The Employment Promotion Law, to take effect on January 1 next year, is expected to boost employment by banning job discrimination, a senior labor official said Monday.
The law highlights the government's role in ensuring equal opportunities in a fair employment environment and combating work discrimination, Zhang Xiaojian, vice-minister of labor and social security, said in an online interview.
The nine-chapter and 69-article law, adopted in August by the Standing Committee of the National People's Congress (NPC), China's top legislature, has a chapter explicitly outlining the government's responsibility for employment aid.
He said the enterprises - labor-intensive small-and-medium ones in particular - that hire people with living difficulty will be subject to tax reduction and exemption and social security subsidy under the new law. Disadvantaged people, too, will be entitled to three years of tax reduction and exemption and micro-credit loans in entrepreneurial activities.

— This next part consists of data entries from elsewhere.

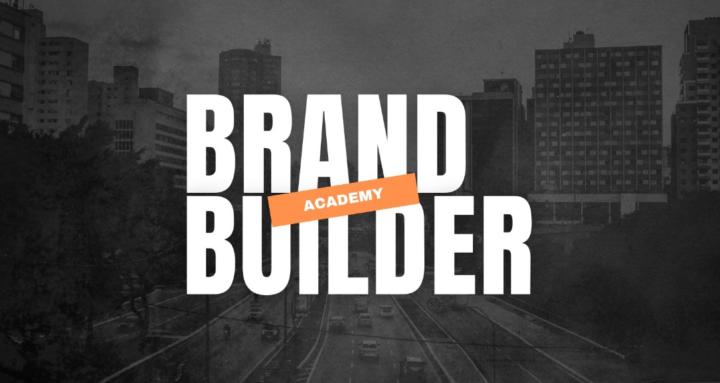 Brand Builder Academy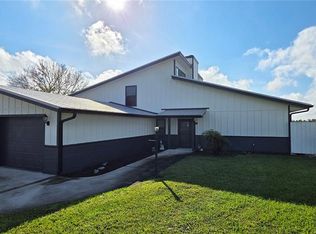 14216 SW 144th Pkwy, Okeechobee, FL 34974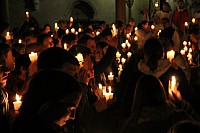 20160408_205015.jpg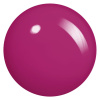 OPI Infinite Shine Tokyo Hurry-juku Get This Color! OPI Infinite Shine Tokyo Hurry-juku Get This Color!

Meanwhile, seniors unable to start their own businesses and are not otherwise employed will be offered public welfare posts such as patrollers and cleaners and receive work subsidies as well as social security funds accordingly from local administrations, Zhang said.
He asserted that the law will urge all levels of government to "significantly expand communities' public welfare posts" for those individuals identified as the most needy. Likewise, free professional education and training will be prioritized for children from zero-employment households.
A lifelong training system of employment and re-employment for urban and rural workers alike, already set up with packages of national training plans for employees and professional training instructors, will be strengthened by the law's enactment. Earlier reports also said the law would oblige employers to offer training to their recruits.
In effect, the relevant content on improving such a training mechanism is "the most important aspect of the lawand will prove vital to China's long-term employment situation in the future," Zhang said.